WORK INSTRUCTION:
What is needed is an exact copy of all the data.

--- DATA FOR PROCESSING Enclosed Below ---

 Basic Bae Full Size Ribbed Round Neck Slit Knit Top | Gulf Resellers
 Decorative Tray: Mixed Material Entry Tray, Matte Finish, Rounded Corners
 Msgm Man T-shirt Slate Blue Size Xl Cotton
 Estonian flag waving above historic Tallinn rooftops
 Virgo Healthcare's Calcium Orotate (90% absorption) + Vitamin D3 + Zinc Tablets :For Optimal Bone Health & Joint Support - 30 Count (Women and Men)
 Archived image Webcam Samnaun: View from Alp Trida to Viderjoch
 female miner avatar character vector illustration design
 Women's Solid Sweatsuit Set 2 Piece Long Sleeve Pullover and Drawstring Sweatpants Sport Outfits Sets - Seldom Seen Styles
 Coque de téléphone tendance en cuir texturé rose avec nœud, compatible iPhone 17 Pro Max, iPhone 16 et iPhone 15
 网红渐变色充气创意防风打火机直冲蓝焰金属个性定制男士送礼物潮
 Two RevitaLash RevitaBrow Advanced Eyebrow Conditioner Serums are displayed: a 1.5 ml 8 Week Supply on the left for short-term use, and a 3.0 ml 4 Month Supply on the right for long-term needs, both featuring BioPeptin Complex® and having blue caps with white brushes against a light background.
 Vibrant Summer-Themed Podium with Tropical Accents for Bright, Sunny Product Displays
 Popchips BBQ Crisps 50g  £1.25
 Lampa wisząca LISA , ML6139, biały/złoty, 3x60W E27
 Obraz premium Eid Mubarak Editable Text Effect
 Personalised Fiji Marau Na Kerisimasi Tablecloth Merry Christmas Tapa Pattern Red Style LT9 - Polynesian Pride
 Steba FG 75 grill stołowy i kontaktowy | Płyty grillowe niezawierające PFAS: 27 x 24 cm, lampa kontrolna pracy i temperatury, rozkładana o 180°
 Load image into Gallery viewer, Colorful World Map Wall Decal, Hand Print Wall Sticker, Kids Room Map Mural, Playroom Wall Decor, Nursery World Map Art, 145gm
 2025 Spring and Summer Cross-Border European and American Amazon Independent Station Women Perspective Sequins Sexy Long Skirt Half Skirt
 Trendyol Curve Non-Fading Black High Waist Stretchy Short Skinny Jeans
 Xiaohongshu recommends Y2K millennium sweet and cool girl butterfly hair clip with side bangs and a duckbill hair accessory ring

--- End of Enclosed DATA FOR PROCESSING ---

ANSWER SECTION:
 Basic Bae Full Size Ribbed Round Neck Slit Knit Top | Gulf Resellers
 Decorative Tray: Mixed Material Entry Tray, Matte Finish, Rounded Corners
 Msgm Man T-shirt Slate Blue Size Xl Cotton
 Estonian flag waving above historic Tallinn rooftops
 Virgo Healthcare's Calcium Orotate (90% absorption) + Vitamin D3 + Zinc Tablets :For Optimal Bone Health & Joint Support - 30 Count (Women and Men)
 Archived image Webcam Samnaun: View from Alp Trida to Viderjoch
 female miner avatar character vector illustration design
 Women's Solid Sweatsuit Set 2 Piece Long Sleeve Pullover and Drawstring Sweatpants Sport Outfits Sets - Seldom Seen Styles
 Coque de téléphone tendance en cuir texturé rose avec nœud, compatible iPhone 17 Pro Max, iPhone 16 et iPhone 15
 网红渐变色充气创意防风打火机直冲蓝焰金属个性定制男士送礼物潮
 Two RevitaLash RevitaBrow Advanced Eyebrow Conditioner Serums are displayed: a 1.5 ml 8 Week Supply on the left for short-term use, and a 3.0 ml 4 Month Supply on the right for long-term needs, both featuring BioPeptin Complex® and having blue caps with white brushes against a light background.
 Vibrant Summer-Themed Podium with Tropical Accents for Bright, Sunny Product Displays
 Popchips BBQ Crisps 50g  £1.25
 Lampa wisząca LISA , ML6139, biały/złoty, 3x60W E27
 Obraz premium Eid Mubarak Editable Text Effect
 Personalised Fiji Marau Na Kerisimasi Tablecloth Merry Christmas Tapa Pattern Red Style LT9 - Polynesian Pride
 Steba FG 75 grill stołowy i kontaktowy | Płyty grillowe niezawierające PFAS: 27 x 24 cm, lampa kontrolna pracy i temperatury, rozkładana o 180°
 Load image into Gallery viewer, Colorful World Map Wall Decal, Hand Print Wall Sticker, Kids Room Map Mural, Playroom Wall Decor, Nursery World Map Art, 145gm
 2025 Spring and Summer Cross-Border European and American Amazon Independent Station Women Perspective Sequins Sexy Long Skirt Half Skirt
 Trendyol Curve Non-Fading Black High Waist Stretchy Short Skinny Jeans
 Xiaohongshu recommends Y2K millennium sweet and cool girl butterfly hair clip with side bangs and a duckbill hair accessory ring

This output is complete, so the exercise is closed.